*Description of the task*. Each line of the listing below that includes "para" must be copied.

*Provided entries*.
*** Block opens ***
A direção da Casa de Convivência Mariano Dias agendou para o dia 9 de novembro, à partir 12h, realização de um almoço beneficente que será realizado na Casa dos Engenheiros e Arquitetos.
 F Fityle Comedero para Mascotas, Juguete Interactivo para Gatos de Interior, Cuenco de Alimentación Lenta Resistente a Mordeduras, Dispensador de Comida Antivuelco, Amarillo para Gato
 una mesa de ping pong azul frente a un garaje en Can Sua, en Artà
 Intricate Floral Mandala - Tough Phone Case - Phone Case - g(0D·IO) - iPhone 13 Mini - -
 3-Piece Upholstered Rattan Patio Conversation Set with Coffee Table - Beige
*** Block closes ***
*** Block opens ***
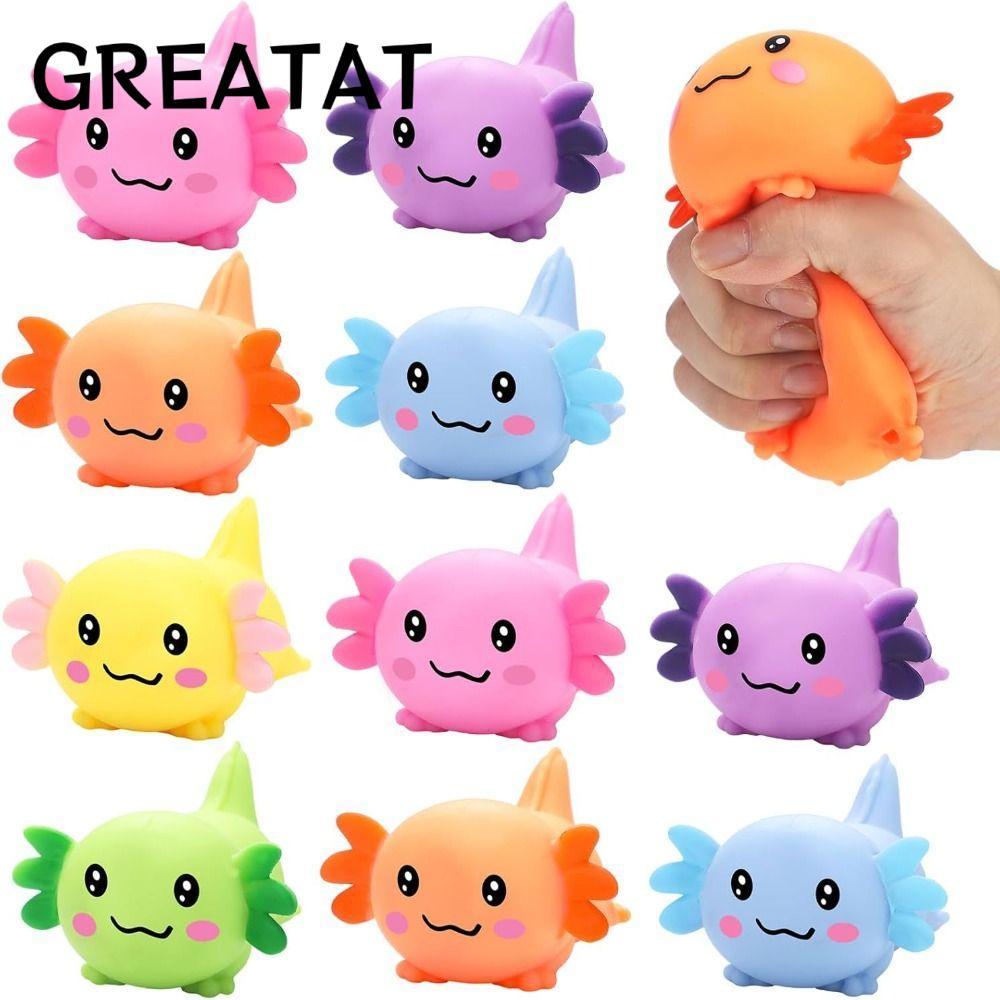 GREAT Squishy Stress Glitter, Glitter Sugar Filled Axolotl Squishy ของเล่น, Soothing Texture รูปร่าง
*** Block closes ***
*Output*.
A direção da Casa de Convivência Mariano Dias agendou para o dia 9 de novembro, à partir 12h, realização de um almoço beneficente que será realizado na Casa dos Engenheiros e Arquitetos.
 F Fityle Comedero para Mascotas, Juguete Interactivo para Gatos de Interior, Cuenco de Alimentación Lenta Resistente a Mordeduras, Dispensador de Comida Antivuelco, Amarillo para Gato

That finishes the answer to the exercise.